Ah, boondocking. Just the thought of it evokes images of camping atop a remote, desert mesa or in a cool, heavily wooded mountain forest. If you enjoy beautiful vistas, peaceful solitude, and clean air when you camp, then boondocking is for you. It’s a hundred times better than listening to a teeth-rattling generator at a crowded campground or dealing with the confines and the lack of privacy at an expensive, asphalt-laden RV park. And when it comes to the truck camper and boondocking, you’ve got it even better. There isn’t a better RV for getting you to those remote, far-away places than the go anywhere, do anything truck camper, especially when it’s mounted on a 4×4 truck. In the article, we present the top 9 boondocking tips and tricks for those who want to camp off-grid. Indeed, after comparing this article to others on the same topic, you’ll quickly realize that this article is one of the most important, go-to sources on the topic on the Internet.

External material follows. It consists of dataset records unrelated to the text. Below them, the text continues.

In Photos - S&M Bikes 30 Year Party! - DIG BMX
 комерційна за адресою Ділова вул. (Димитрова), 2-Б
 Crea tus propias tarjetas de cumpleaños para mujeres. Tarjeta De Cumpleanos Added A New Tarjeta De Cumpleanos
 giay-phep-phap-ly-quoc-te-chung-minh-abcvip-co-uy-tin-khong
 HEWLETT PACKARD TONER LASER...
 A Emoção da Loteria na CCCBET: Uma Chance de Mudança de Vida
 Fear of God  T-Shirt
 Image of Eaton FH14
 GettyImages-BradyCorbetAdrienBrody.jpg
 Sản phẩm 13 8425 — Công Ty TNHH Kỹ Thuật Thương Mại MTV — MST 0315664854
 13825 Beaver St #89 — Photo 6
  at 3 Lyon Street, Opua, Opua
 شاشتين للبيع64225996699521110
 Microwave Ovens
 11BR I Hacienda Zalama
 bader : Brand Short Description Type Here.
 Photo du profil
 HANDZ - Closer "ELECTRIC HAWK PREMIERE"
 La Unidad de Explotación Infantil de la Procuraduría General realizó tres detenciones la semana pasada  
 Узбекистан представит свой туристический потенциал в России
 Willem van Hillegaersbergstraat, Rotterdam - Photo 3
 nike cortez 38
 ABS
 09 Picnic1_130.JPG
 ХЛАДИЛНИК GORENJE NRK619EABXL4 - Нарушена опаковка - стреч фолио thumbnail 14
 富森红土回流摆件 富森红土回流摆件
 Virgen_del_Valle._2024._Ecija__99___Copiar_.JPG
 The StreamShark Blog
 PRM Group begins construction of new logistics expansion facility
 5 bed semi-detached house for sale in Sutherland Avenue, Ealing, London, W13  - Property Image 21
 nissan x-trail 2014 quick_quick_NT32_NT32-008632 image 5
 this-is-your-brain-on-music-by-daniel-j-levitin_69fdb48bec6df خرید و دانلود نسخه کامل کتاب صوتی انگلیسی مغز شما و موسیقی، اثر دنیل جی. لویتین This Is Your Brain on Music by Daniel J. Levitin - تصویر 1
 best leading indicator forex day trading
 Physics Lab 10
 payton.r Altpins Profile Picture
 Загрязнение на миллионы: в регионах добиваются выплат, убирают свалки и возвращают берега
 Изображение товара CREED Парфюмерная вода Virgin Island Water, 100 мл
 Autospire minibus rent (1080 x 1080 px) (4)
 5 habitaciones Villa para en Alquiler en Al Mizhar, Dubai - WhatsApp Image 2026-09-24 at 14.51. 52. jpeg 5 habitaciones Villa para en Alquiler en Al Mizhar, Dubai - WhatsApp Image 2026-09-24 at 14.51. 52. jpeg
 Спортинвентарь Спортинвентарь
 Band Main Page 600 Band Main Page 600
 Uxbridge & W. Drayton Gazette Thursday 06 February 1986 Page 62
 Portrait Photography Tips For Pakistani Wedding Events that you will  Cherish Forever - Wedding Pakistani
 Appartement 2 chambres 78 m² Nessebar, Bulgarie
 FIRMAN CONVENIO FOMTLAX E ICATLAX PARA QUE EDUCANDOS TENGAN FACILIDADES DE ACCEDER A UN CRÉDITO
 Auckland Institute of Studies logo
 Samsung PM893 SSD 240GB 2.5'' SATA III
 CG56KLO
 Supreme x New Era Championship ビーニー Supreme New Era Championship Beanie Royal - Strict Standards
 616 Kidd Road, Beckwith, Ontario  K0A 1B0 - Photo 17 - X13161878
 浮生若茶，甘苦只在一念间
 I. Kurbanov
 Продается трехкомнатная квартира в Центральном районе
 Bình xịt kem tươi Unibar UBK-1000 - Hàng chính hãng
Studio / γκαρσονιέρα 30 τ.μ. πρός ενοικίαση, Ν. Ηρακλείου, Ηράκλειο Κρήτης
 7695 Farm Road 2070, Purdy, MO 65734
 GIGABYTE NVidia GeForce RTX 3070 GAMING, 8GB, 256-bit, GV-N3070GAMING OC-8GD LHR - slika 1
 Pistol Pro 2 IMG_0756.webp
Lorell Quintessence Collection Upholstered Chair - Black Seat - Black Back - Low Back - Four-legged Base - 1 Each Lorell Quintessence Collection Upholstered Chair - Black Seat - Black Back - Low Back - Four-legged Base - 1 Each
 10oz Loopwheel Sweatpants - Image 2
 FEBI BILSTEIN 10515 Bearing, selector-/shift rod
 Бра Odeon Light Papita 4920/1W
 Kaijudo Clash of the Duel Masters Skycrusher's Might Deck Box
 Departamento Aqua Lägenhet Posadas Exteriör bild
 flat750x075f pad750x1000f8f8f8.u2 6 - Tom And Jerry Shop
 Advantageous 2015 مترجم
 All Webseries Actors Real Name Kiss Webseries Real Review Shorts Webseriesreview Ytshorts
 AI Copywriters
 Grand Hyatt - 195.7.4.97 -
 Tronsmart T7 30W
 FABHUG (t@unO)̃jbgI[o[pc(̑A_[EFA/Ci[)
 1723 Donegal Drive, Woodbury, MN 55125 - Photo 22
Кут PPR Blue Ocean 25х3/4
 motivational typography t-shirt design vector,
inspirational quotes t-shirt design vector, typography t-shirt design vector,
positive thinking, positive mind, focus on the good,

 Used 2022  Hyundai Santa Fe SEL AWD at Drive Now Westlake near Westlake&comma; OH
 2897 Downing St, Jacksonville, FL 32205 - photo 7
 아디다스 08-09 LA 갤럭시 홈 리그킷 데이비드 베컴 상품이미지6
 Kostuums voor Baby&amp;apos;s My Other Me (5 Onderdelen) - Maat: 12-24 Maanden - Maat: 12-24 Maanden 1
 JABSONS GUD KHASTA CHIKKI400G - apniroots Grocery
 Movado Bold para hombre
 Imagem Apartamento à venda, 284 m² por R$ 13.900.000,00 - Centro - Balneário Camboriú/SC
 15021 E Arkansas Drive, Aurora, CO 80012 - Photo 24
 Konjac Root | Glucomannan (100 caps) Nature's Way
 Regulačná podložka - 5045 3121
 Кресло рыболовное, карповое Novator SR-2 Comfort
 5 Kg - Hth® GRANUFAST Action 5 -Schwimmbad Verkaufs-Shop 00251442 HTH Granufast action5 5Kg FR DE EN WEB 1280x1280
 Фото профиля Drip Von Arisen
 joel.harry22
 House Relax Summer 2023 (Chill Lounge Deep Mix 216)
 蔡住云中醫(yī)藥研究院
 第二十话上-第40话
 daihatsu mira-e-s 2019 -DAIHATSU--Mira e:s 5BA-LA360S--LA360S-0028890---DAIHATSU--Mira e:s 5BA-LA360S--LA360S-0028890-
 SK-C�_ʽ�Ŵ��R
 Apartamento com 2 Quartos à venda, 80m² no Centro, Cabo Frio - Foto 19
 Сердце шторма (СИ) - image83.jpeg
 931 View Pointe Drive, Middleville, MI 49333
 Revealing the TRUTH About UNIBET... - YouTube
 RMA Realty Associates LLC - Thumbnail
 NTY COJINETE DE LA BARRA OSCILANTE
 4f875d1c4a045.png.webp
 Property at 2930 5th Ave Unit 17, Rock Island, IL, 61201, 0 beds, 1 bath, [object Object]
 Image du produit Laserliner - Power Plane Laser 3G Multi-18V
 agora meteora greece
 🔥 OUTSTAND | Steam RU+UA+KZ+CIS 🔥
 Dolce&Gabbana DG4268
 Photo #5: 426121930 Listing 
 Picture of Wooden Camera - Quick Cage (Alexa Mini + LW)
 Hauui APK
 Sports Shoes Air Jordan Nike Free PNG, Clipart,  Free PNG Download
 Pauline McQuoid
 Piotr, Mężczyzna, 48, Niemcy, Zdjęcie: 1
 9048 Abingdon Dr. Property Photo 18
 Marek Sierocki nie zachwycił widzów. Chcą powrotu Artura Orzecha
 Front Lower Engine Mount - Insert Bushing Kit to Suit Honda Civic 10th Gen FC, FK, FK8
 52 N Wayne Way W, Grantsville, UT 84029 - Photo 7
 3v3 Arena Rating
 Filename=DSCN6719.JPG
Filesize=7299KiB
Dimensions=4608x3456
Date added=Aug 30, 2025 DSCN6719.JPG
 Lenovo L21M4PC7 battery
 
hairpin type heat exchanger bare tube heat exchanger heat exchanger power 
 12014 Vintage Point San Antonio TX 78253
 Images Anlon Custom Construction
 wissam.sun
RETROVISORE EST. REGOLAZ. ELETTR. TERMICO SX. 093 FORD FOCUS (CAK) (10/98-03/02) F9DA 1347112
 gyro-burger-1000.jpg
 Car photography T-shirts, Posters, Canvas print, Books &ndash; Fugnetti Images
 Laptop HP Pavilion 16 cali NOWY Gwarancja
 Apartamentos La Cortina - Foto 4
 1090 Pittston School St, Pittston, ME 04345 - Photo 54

In case you’re unfamiliar with the term, boondocking is defined as wilderness, dispersed or primitive camping in the “boondocks” without water, sewer, and electrical hookups. If you’ve camped exclusively at campgrounds and RV parks in the past, then you’ll need to train yourself on this new and exciting way of camping. Unlike before, you’ll need to depend solely on the holding tanks and equipment found in your truck camper. This means you’ll not only need to rely on your camper’s 12 volt battery system for all of your electrical power, but also on your camper’s fresh water holding tank for your potable water, and on your camper’s propane system to run your refrigerator, furnace, and cooktop. This also means you won’t be able to take “Hollywood showers” or leave the lights on when they’re not being used. You can certainly do these things, of course, but you’ll quickly run out of fresh water and rapidly drain your 12 volt batteries.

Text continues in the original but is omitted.